» GIVEN DATA
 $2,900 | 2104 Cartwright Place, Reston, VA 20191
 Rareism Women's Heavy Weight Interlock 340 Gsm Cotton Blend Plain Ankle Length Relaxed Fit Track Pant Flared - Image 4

==

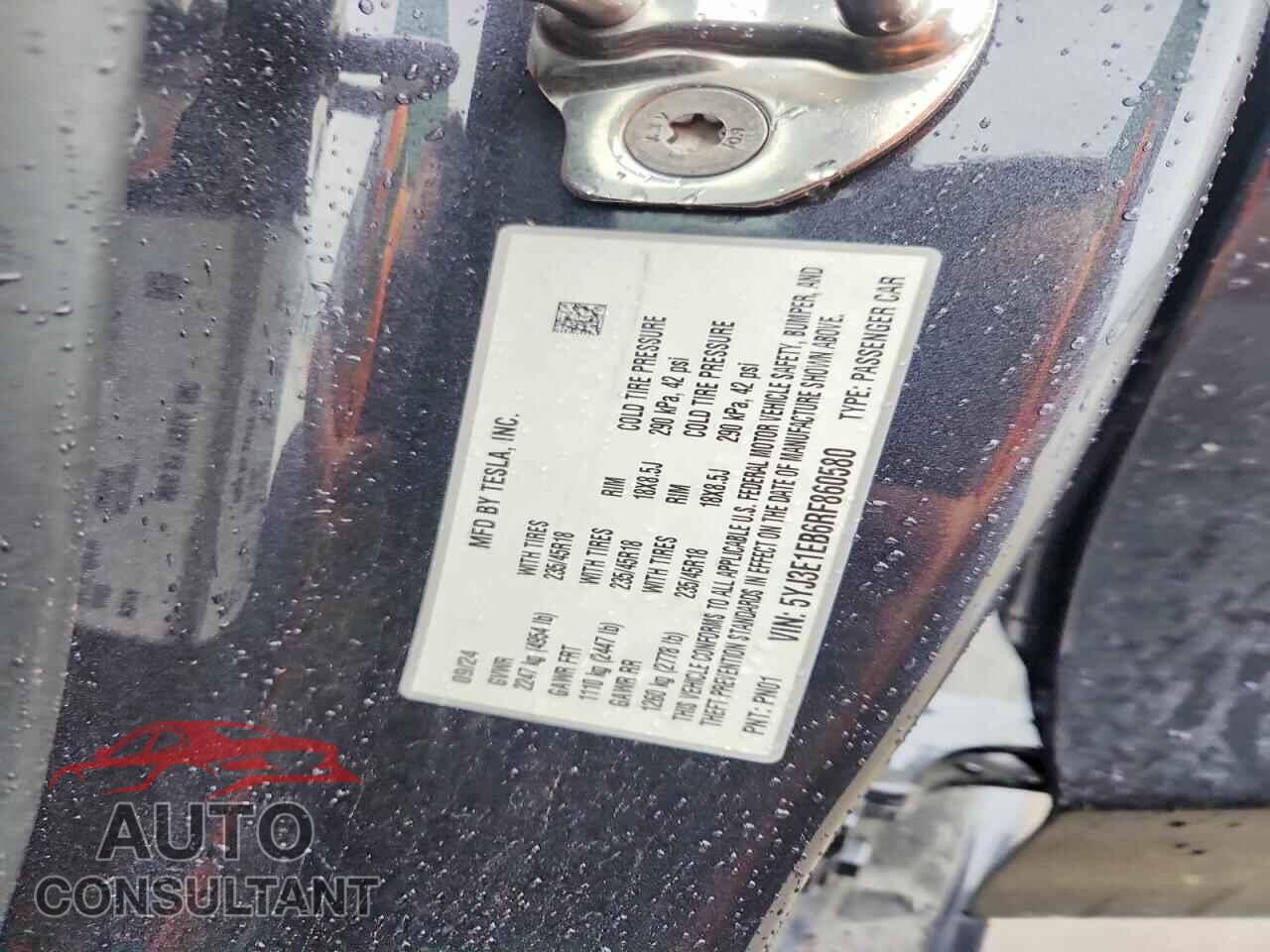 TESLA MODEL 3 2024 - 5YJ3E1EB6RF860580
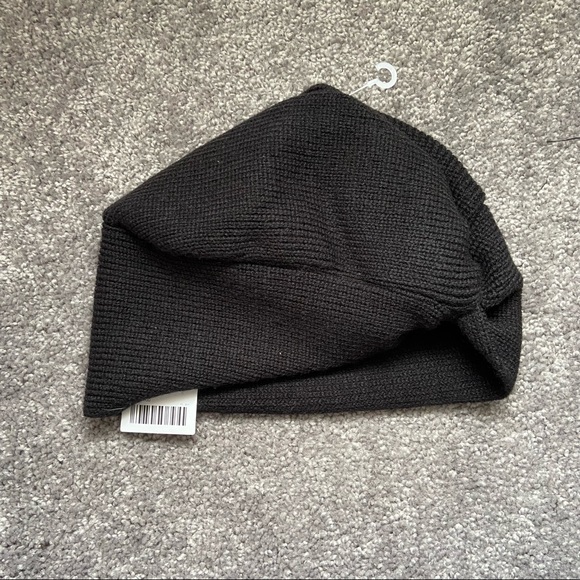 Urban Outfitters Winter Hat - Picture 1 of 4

* * *

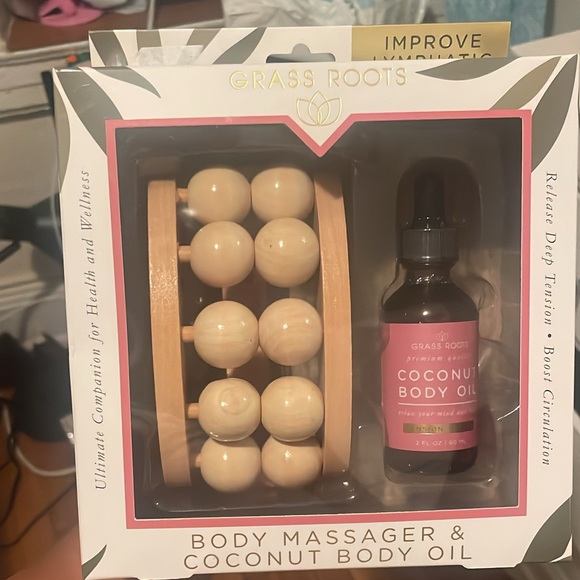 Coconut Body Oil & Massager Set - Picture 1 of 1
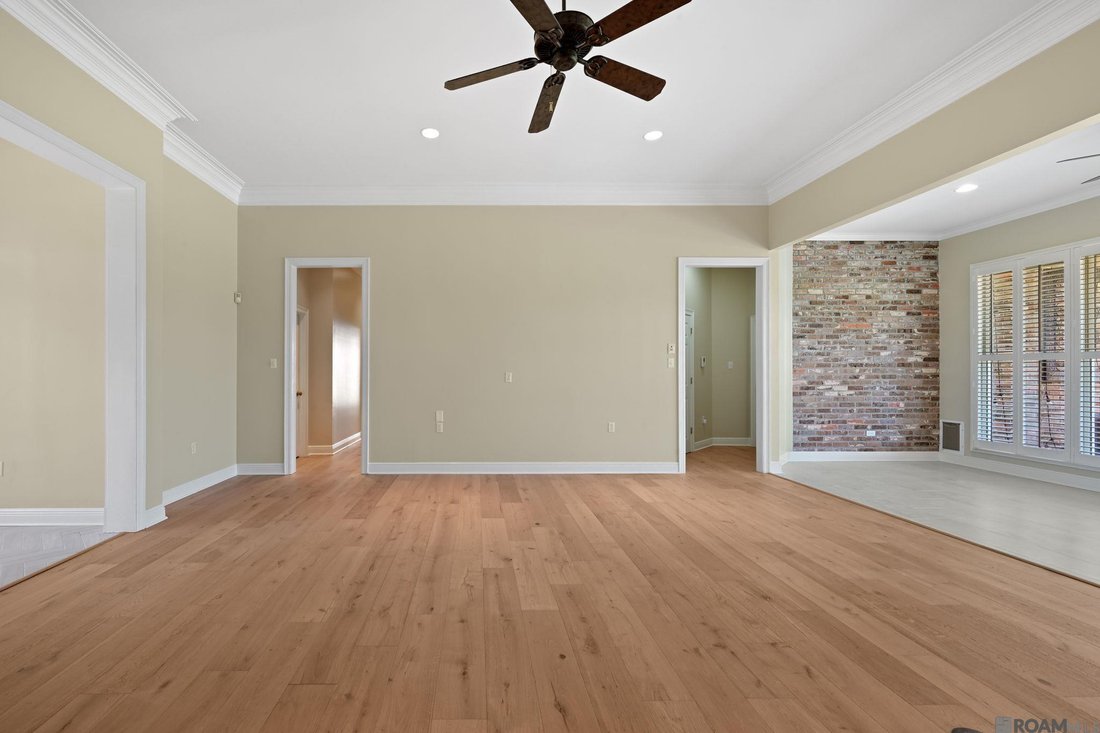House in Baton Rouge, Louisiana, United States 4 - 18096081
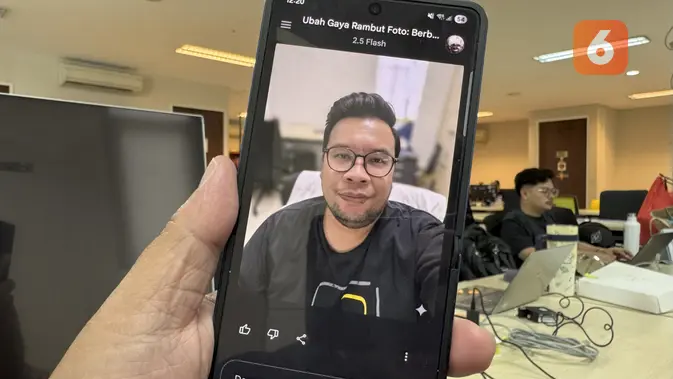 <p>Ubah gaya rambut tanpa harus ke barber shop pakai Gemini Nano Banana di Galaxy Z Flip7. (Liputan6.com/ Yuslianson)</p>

» WHAT YOU HAVE TO DO
Reproduce the data above exactly, but only from the line containing "Coconut Body Oil" through the line containing "<p>Ubah gaya rambut". Omit all pictures.

» TASK OUTPUT
 Coconut Body Oil & Massager Set - Picture 1 of 1
House in Baton Rouge, Louisiana, United States 4 - 18096081
 <p>Ubah gaya rambut tanpa harus ke barber shop pakai Gemini Nano Banana di Galaxy Z Flip7. (Liputan6.com/ Yuslianson)</p>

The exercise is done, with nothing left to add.